Elon Musk is pretty sure that Apple has its own electric car in the works, but he doesn't seem that worried.
The Tesla chief told the BBC in an interview published Tuesday that it was an "open secret" that the tech giant was building a vehicle to compete with rival automakers. Reports of Apple's hiring frenzy over the past year have only fueled these expectations.
Mission Motors, a maker of electronic motorcycles based in San Francisco, collapsed last year after Apple lured away some of its top engineers. Apple is also amassing a number of high-level execs to run what is assumed to be its electric car operation. Doug Betts, a veteran of Toyota, Nissan and the Chrysler Group, and Paul Furgale, a robotics specialist formerly at the Swiss Federal Institute of Technology, both joined the company last year.

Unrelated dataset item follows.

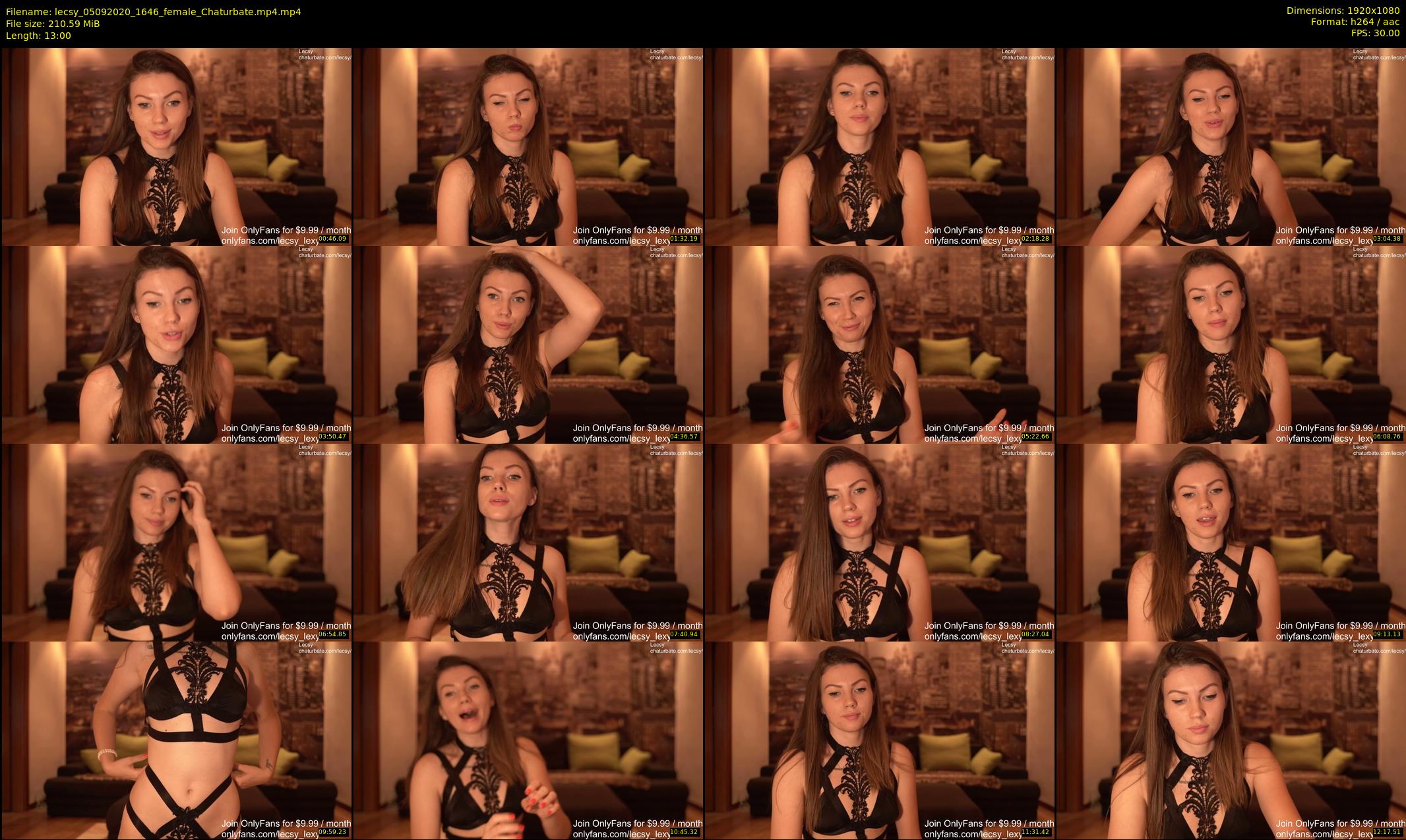 lecsy — 13 minute Chaturbate female cam show recording, 1080p, Sep 5, 2020
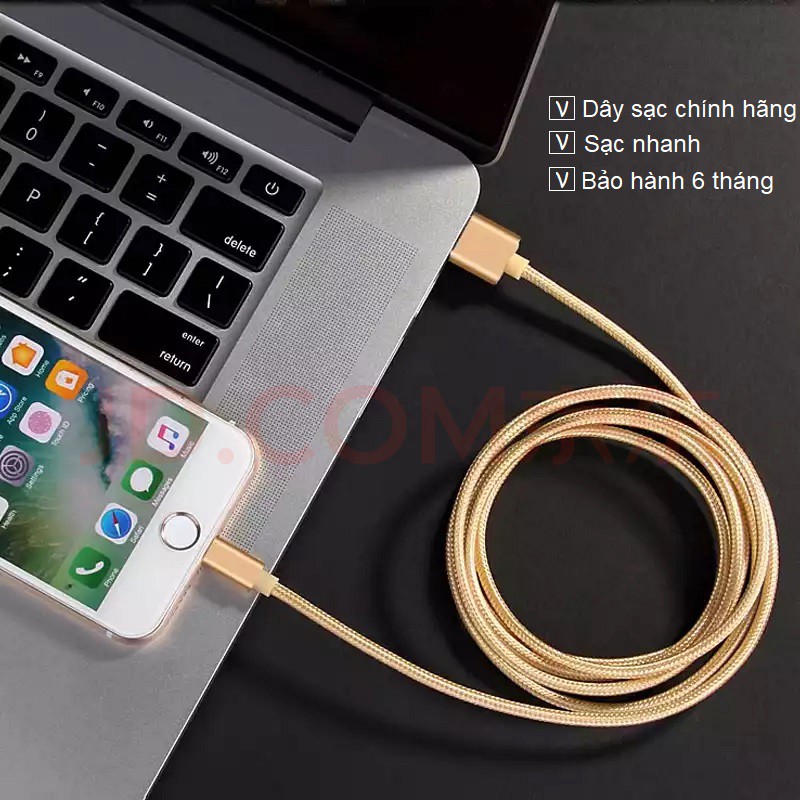 [Mã ELMSM3 giảm 20K đơn bất kì] DÂY SẠC IPHONE/iPad - Dây Sạc bọc dù - H Case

"It's pretty hard to hide something if you hire over a thousand engineers to do it," Musk told the BBC.
Yet another hint of Apple's expansion into the auto market came last week, when news surfaced that the company had bought several car-related domain names, including apple.car.
Musk, meanwhile, appears to be shrugging off suggestions that Apple's project could pose a threat to his company. He's previously called Apple a "Tesla graveyard," referring to the company's history of hiring employees who have been fired by Tesla.
Rivalries aside, Tesla and Apple are among the new wave of companies that are forcing traditional automakers to take a hard look at the way they produce vehicles. Musk, for example, has long championed a future with cars that no longer depend on environmentally damaging fossil fuels.
Other firms are moving quickly into the electric car field. At the Consumer Electronics Show in Las Vegas last week, Faraday Future debuted a battery-powered concept car that could have up to 1,000 horsepower, and GM introduced an electric car that could go for 200 miles on one charge.